Wie sehen Sie denn den deutschen Handball gerade?

Kretzschmar: Sportlich sind wir aus der Talsohle raus. Da wurden einige Sachen sehr, sehr gut gemacht. Ich halte eine Menge vom Bundestrainer Dagur Sigurdsson. Mit dem Wort geht man gerne inflationär um, in diesem Fall stimmt es: Er ist ein Glücksfall für den deutschen Handball. Er hat dieser Mannschaft Leben und Struktur gegeben. Wir haben gute Talente und traditionell einen guten Nachwuchs. Und er hat den Mut, diesen Nachwuchs auch einzusetzen. Wir sind für das nächste Großereignis, die EM 2016 in Polen endlich auch mal wieder sportlich qualifiziert. Das wird eine geile Herausforderung, wieder im Konzert der Großen mitspielen zu können. Deutschland gehört da hinzu.

Sie hatten sich vor über zwei Jahren auch mal als Sportdirektor beim DHB beworben.
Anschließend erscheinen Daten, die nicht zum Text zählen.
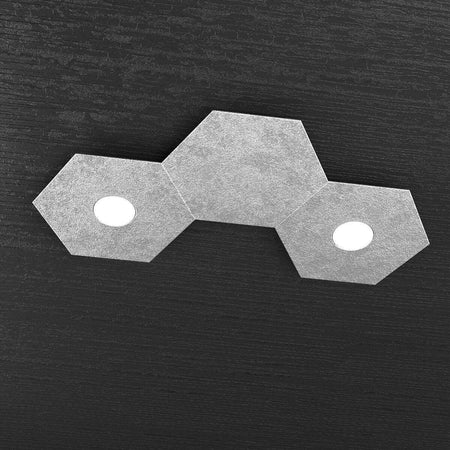 Plafoniera-moderna-Top-Light-HEXAGON-1142-2L1D-A1-GX53-LED-metallo-lampada-parete-soffitto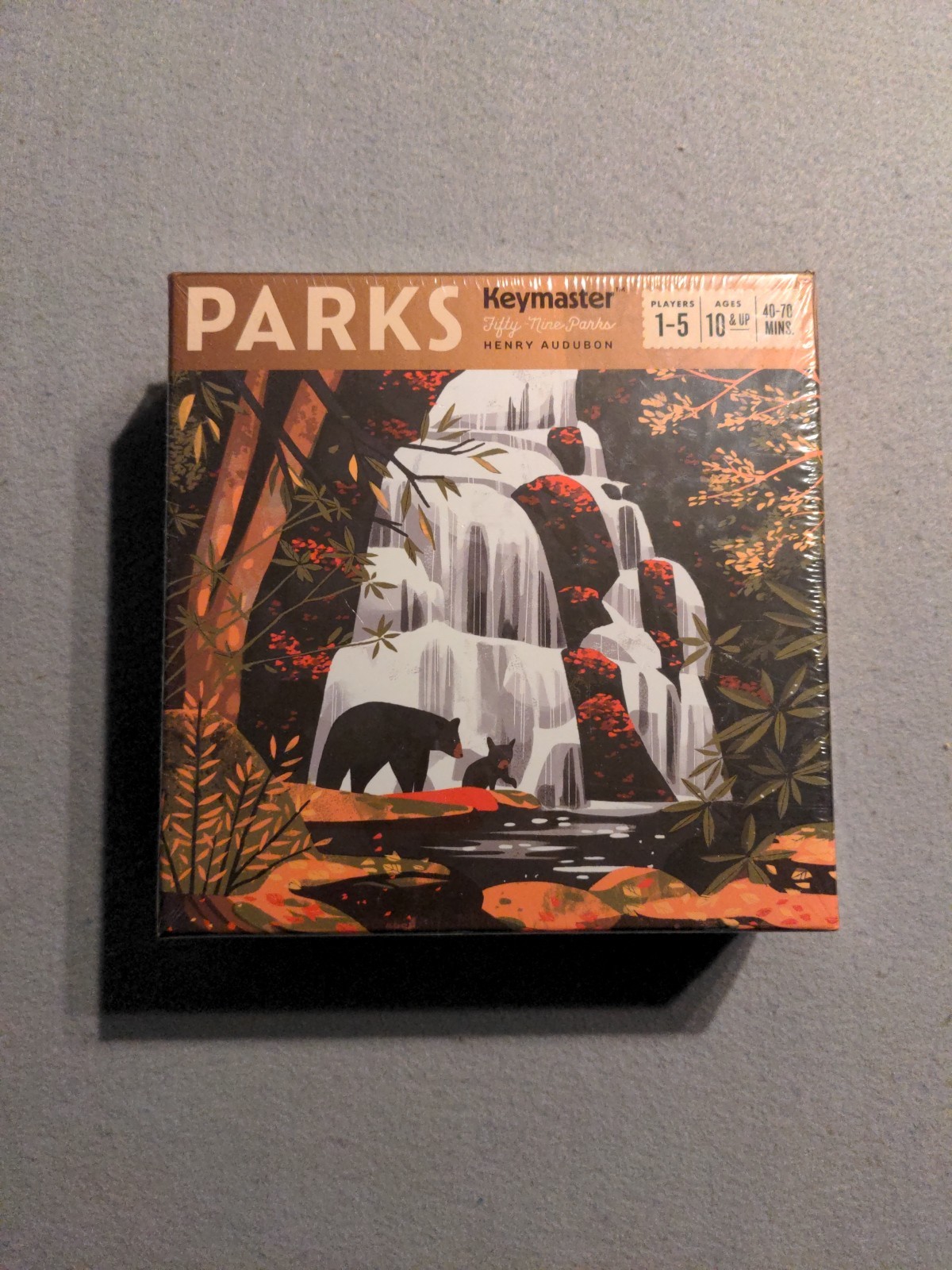 PARKS Keymaster Fifty-Nine Parks Henry Audubon Board Game New Factory Sealed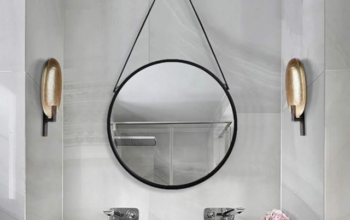 Metal Framed Door Hang Mirror For Sale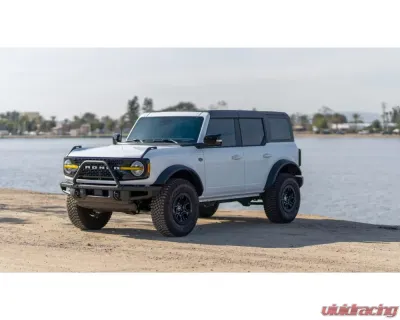 GT Styling 4 Piece Front Daytime Running Light Cover Kit Transparent Yellow Ford Bronco 2021-2022 - GT3160Y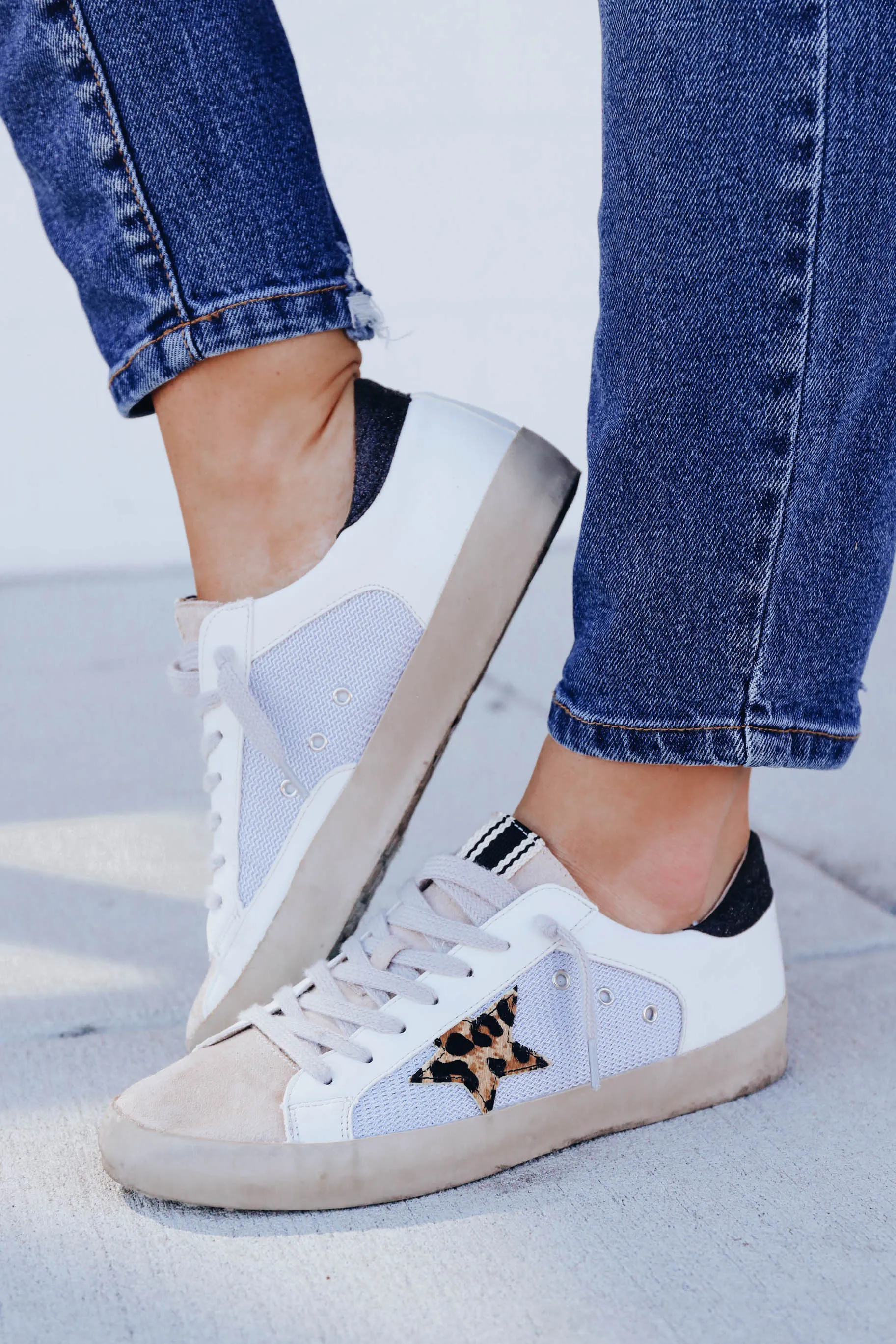 *MODEL* Promise Leopard Star Sneaker By Shushop - SIZE 8 - FINAL SALE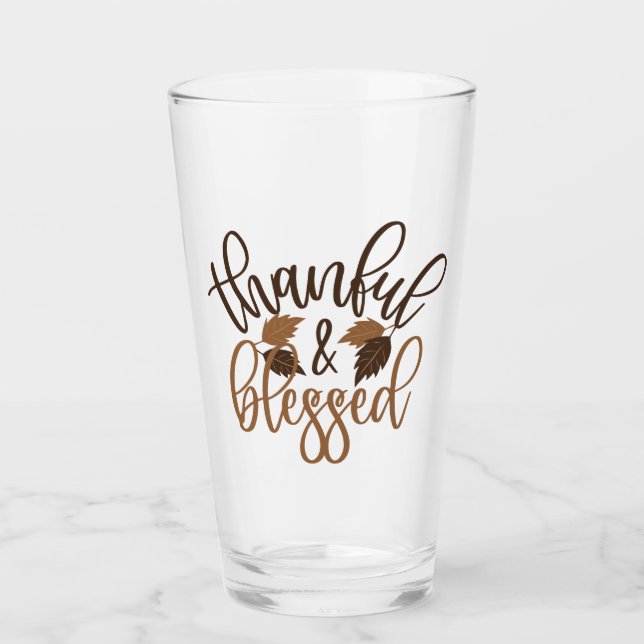 Copo De Pint Graças e abençoado (Frente)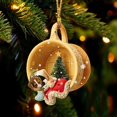 thumbnail image 3 of Bl-ack & Fri day Christmas Clearance! Christmas Pendant Ornaments Personality Ornaments Christmas Ornaments Christmas Tree Ornaments Ornaments Indoor Rear View Pendant Ornaments, 3 of 9
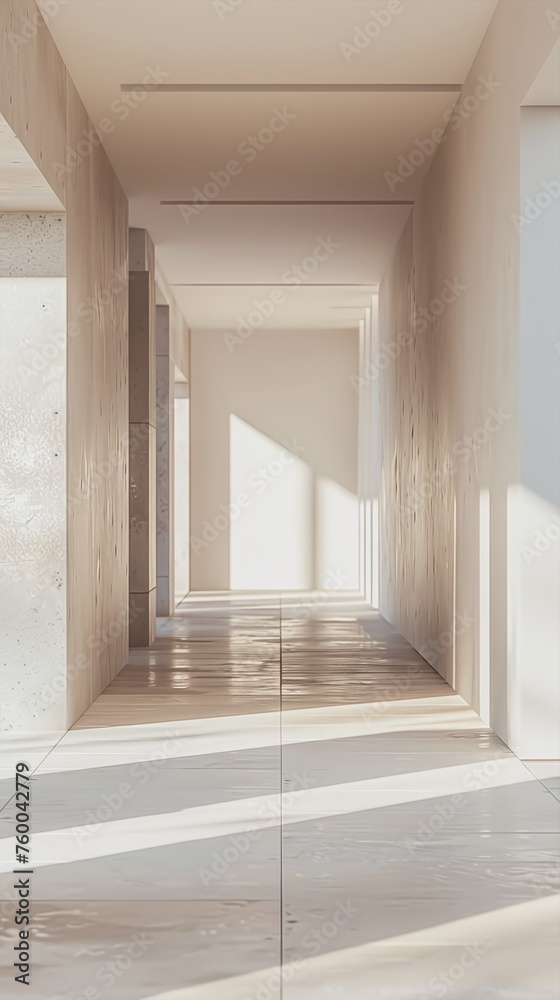 Modern and light house hall with empty walls Modern and light house hall with empty walls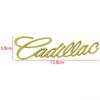 3D Metal Letter Car Tail Sticker Fender Side Trunk Badge For Cadillac ATS BLS CTS EXT SLR SRX STS XT4 XTS XT6 Escalade Deville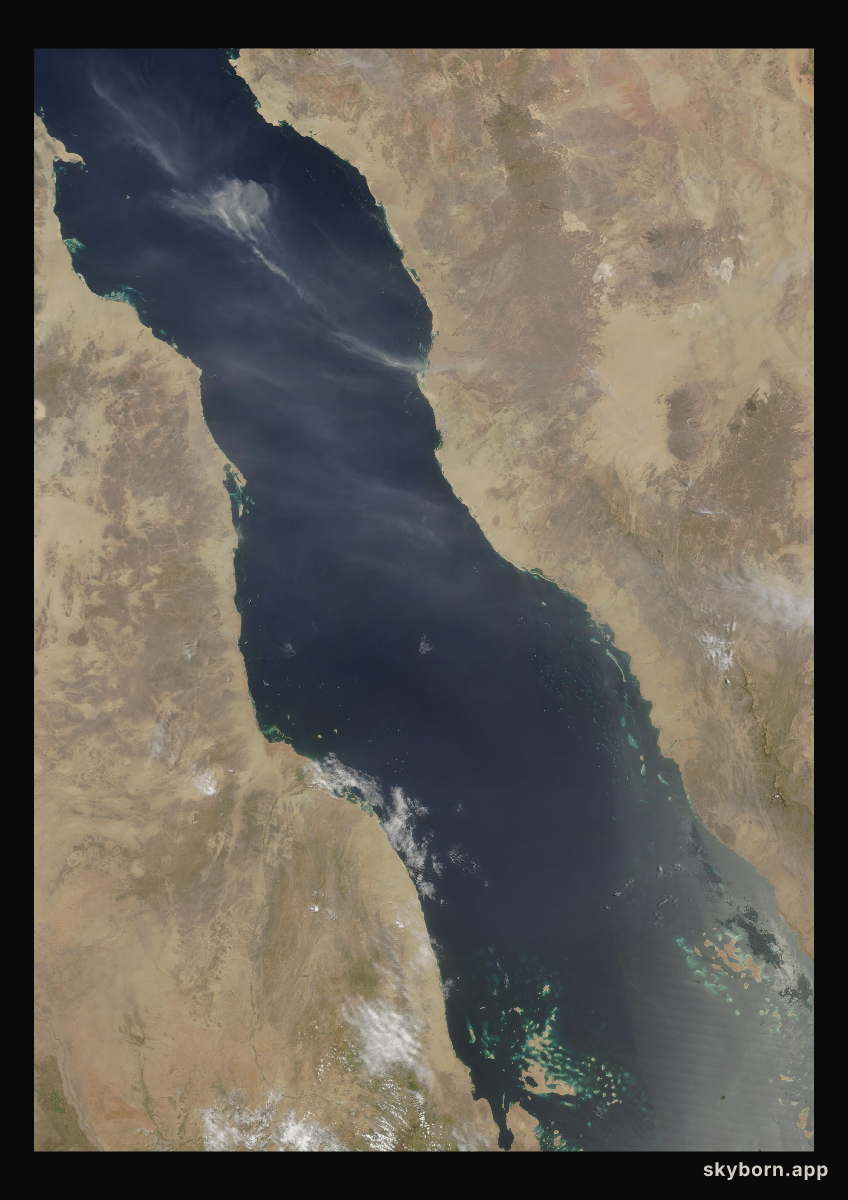The Earth on 17 July 2001 · Red Sea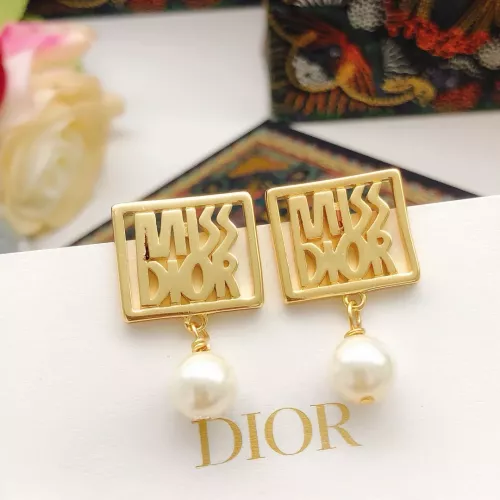 Wholesale Christian Dior Earrings For Women #1337250 $27.00 USD, Wholesale Quality Replica Christian Dior Earrings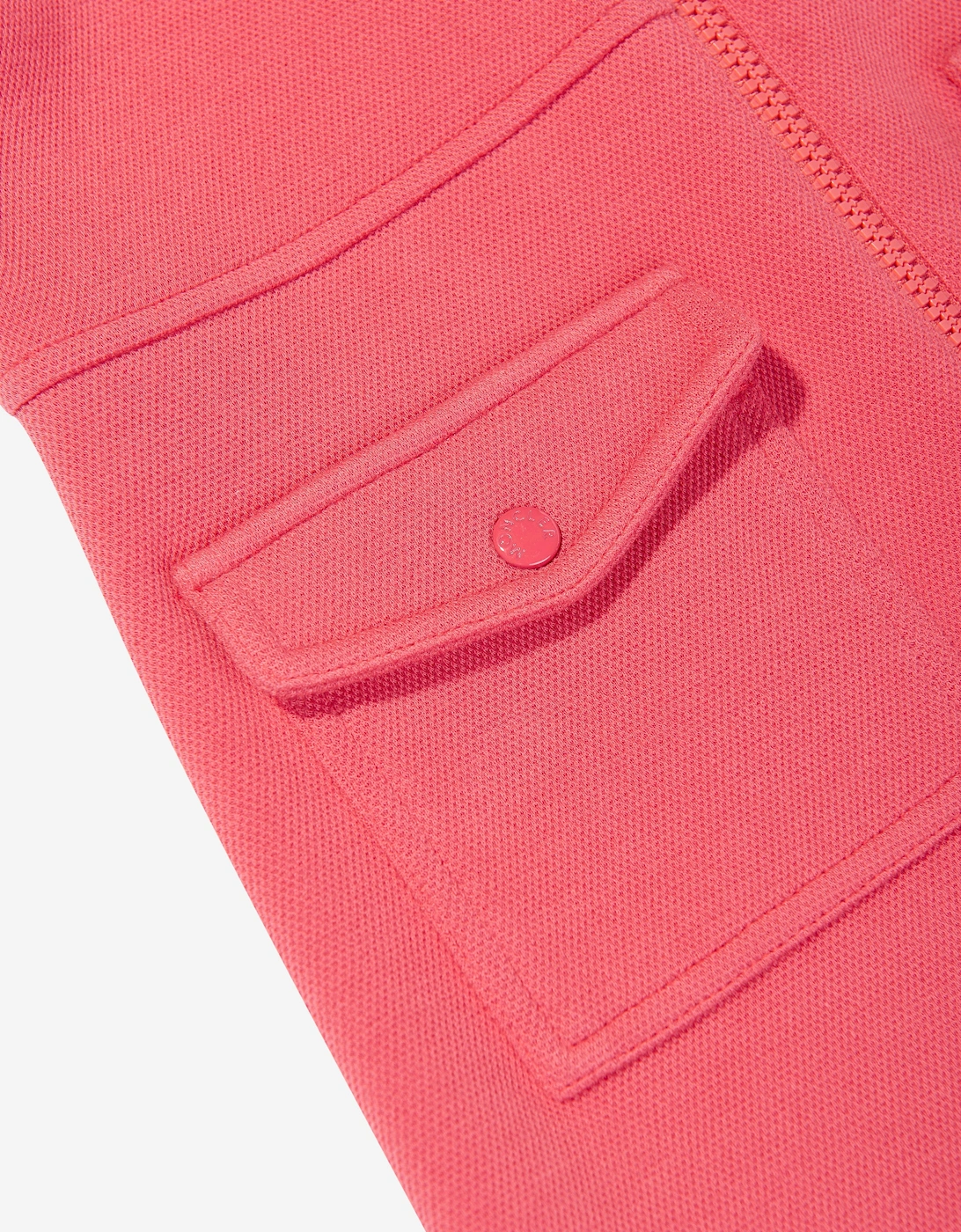 Girls Zip Up Dress in Red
So wurde es zumindest geschrieben…

Kretzschmar: Ich habe mich nie beworben und habe mich auch nicht selbst ins Spiel gebracht. Wenn man Schlagzeilen machen will, wird mein Name gerne benutzt. Wenn irgendwelche Posten im deutschen Handball vergeben werden, spielt mein Name immer mal gerne eine Rolle. Aber ich würde mich nie für einen solchen Posten ins Spiel bringen.

Es ist also keine Option für Sie, im deutschen Handball einzusteigen?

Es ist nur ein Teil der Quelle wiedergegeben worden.